▸ WHAT IS NEEDED:
Set out exactly every line of the entries below, starting at the line that holds "18 Wellington Street, Bunbury WA 6230" and stopping after the line that holds "IMG_5411.jpeg".

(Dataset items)
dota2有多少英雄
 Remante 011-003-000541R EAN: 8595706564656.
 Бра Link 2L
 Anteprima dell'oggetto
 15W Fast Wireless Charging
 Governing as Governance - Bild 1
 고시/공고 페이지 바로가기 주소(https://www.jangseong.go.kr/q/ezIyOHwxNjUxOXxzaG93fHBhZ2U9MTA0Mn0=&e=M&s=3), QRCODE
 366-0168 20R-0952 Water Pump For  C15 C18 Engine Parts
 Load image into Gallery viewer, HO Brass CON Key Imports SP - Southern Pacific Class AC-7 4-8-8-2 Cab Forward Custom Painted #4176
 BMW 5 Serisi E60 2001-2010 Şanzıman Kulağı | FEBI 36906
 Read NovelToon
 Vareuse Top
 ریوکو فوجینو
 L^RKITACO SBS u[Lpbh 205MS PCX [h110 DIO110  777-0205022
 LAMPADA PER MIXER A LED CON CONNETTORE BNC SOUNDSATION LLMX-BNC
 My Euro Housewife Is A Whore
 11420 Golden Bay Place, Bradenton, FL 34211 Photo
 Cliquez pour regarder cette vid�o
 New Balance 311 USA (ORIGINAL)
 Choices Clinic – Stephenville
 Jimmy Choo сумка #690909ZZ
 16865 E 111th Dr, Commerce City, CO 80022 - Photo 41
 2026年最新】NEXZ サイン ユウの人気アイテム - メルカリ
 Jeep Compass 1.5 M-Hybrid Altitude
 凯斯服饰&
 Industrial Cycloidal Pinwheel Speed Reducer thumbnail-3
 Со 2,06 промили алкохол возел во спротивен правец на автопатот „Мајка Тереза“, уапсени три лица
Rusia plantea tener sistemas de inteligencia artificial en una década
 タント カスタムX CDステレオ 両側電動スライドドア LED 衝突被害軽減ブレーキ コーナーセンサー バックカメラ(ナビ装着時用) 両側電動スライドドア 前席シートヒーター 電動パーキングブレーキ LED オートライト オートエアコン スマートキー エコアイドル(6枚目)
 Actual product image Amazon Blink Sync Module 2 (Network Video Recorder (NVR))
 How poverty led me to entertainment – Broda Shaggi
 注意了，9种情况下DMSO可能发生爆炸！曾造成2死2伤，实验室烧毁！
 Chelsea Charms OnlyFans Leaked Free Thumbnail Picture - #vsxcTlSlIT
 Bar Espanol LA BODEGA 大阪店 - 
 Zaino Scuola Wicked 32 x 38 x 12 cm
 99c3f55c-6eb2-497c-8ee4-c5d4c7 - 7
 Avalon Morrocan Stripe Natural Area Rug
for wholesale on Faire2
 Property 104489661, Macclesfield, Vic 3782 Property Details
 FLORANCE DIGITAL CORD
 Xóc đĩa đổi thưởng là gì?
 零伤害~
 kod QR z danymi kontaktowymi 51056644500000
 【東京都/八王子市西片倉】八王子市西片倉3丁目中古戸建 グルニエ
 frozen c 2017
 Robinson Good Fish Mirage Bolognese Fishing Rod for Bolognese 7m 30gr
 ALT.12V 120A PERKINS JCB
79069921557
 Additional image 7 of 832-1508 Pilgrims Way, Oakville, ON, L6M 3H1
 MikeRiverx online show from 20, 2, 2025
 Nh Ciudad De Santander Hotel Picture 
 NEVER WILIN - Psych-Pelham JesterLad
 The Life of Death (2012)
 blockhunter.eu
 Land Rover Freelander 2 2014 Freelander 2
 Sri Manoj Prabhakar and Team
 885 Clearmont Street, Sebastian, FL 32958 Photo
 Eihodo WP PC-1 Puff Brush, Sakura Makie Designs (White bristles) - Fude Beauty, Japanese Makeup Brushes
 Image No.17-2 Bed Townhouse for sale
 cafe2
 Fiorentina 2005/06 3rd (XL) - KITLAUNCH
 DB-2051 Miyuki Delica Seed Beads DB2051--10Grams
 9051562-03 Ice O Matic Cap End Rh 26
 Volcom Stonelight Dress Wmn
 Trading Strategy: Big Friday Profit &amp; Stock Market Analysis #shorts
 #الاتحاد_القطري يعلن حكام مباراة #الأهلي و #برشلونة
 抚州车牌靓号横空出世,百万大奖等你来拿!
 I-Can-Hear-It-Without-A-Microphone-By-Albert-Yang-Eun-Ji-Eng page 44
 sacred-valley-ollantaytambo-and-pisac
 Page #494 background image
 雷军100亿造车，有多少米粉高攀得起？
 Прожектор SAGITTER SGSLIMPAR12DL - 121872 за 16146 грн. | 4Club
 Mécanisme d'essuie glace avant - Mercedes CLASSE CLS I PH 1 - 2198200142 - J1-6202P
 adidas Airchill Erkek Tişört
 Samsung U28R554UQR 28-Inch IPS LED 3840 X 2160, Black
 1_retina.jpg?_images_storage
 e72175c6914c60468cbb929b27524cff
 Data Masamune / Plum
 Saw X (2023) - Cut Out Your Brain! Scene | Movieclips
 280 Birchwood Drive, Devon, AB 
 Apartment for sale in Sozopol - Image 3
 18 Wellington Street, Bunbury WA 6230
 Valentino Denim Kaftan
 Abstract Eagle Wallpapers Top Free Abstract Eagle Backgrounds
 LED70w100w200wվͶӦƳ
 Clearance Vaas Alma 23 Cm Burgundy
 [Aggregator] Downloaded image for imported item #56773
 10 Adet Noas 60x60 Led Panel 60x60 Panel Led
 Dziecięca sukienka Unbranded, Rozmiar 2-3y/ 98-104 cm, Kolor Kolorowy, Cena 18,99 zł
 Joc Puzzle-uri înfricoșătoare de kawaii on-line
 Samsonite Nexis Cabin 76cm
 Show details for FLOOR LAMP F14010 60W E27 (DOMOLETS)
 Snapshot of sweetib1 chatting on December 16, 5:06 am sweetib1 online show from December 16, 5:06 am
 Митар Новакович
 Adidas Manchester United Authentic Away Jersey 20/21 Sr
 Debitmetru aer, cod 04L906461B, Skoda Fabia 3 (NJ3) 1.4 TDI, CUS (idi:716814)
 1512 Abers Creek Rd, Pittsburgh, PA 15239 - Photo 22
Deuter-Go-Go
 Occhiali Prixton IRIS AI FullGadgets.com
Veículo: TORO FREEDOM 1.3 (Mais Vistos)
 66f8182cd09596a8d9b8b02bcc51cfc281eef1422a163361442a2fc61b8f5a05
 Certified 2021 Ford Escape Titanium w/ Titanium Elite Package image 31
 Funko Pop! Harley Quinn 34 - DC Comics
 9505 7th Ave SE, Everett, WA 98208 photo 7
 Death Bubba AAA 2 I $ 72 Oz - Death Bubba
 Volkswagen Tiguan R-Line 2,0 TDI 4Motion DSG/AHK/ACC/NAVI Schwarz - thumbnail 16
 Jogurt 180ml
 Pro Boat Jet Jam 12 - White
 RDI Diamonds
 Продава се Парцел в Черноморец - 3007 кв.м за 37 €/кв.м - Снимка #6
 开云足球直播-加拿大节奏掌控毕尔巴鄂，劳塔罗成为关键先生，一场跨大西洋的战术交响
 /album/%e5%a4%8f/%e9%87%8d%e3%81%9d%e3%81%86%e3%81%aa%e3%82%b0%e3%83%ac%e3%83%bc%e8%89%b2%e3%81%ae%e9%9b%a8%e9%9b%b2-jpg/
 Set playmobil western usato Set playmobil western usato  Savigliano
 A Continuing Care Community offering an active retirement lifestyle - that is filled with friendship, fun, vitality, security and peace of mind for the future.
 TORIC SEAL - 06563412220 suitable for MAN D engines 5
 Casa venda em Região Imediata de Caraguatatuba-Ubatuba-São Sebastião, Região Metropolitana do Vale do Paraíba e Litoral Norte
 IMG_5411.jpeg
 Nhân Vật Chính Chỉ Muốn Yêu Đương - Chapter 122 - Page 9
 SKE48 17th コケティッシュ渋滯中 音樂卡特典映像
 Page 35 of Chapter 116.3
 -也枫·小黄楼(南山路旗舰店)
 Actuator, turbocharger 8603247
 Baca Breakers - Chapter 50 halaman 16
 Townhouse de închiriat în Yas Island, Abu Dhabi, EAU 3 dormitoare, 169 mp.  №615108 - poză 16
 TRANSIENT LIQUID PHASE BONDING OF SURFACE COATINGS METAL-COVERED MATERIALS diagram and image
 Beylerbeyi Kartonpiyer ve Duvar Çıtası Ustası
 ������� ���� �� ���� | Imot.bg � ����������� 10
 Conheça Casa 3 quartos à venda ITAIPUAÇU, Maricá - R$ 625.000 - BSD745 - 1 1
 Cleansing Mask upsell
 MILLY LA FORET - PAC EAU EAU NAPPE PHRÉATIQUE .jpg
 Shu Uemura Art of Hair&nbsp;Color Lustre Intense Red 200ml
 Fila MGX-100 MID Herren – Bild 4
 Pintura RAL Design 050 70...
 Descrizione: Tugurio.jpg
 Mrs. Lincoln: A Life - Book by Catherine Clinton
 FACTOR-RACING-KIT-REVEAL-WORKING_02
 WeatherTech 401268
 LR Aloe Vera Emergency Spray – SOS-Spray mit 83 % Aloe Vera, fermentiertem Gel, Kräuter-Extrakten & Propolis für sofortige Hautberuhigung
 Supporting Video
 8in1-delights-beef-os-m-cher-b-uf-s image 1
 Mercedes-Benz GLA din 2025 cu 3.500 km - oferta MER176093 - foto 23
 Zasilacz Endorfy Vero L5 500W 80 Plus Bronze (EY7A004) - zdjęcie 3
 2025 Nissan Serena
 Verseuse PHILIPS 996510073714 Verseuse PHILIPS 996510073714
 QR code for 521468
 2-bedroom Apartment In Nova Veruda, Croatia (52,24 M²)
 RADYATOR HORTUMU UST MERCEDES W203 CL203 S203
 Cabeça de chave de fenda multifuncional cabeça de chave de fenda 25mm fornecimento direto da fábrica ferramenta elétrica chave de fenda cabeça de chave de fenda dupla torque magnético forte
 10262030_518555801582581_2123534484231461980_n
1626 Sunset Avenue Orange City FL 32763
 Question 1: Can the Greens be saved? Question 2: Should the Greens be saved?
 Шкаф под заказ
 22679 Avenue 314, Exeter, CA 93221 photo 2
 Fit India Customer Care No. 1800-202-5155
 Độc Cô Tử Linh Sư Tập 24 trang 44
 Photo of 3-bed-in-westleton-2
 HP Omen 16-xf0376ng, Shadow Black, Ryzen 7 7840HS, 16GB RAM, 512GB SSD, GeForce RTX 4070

▸ EXERCISE OUTPUT:
 18 Wellington Street, Bunbury WA 6230
 Valentino Denim Kaftan
 Abstract Eagle Wallpapers Top Free Abstract Eagle Backgrounds
 LED70w100w200wվͶӦƳ
 Clearance Vaas Alma 23 Cm Burgundy
 [Aggregator] Downloaded image for imported item #56773
 10 Adet Noas 60x60 Led Panel 60x60 Panel Led
 Dziecięca sukienka Unbranded, Rozmiar 2-3y/ 98-104 cm, Kolor Kolorowy, Cena 18,99 zł
 Joc Puzzle-uri înfricoșătoare de kawaii on-line
 Samsonite Nexis Cabin 76cm
 Show details for FLOOR LAMP F14010 60W E27 (DOMOLETS)
 Snapshot of sweetib1 chatting on December 16, 5:06 am sweetib1 online show from December 16, 5:06 am
 Митар Новакович
 Adidas Manchester United Authentic Away Jersey 20/21 Sr
 Debitmetru aer, cod 04L906461B, Skoda Fabia 3 (NJ3) 1.4 TDI, CUS (idi:716814)
 1512 Abers Creek Rd, Pittsburgh, PA 15239 - Photo 22
Deuter-Go-Go
 Occhiali Prixton IRIS AI FullGadgets.com
Veículo: TORO FREEDOM 1.3 (Mais Vistos)
 66f8182cd09596a8d9b8b02bcc51cfc281eef1422a163361442a2fc61b8f5a05
 Certified 2021 Ford Escape Titanium w/ Titanium Elite Package image 31
 Funko Pop! Harley Quinn 34 - DC Comics
 9505 7th Ave SE, Everett, WA 98208 photo 7
 Death Bubba AAA 2 I $ 72 Oz - Death Bubba
 Volkswagen Tiguan R-Line 2,0 TDI 4Motion DSG/AHK/ACC/NAVI Schwarz - thumbnail 16
 Jogurt 180ml
 Pro Boat Jet Jam 12 - White
 RDI Diamonds
 Продава се Парцел в Черноморец - 3007 кв.м за 37 €/кв.м - Снимка #6
 开云足球直播-加拿大节奏掌控毕尔巴鄂，劳塔罗成为关键先生，一场跨大西洋的战术交响
 /album/%e5%a4%8f/%e9%87%8d%e3%81%9d%e3%81%86%e3%81%aa%e3%82%b0%e3%83%ac%e3%83%bc%e8%89%b2%e3%81%ae%e9%9b%a8%e9%9b%b2-jpg/
 Set playmobil western usato Set playmobil western usato  Savigliano
 A Continuing Care Community offering an active retirement lifestyle - that is filled with friendship, fun, vitality, security and peace of mind for the future.
 TORIC SEAL - 06563412220 suitable for MAN D engines 5
 Casa venda em Região Imediata de Caraguatatuba-Ubatuba-São Sebastião, Região Metropolitana do Vale do Paraíba e Litoral Norte
 IMG_5411.jpeg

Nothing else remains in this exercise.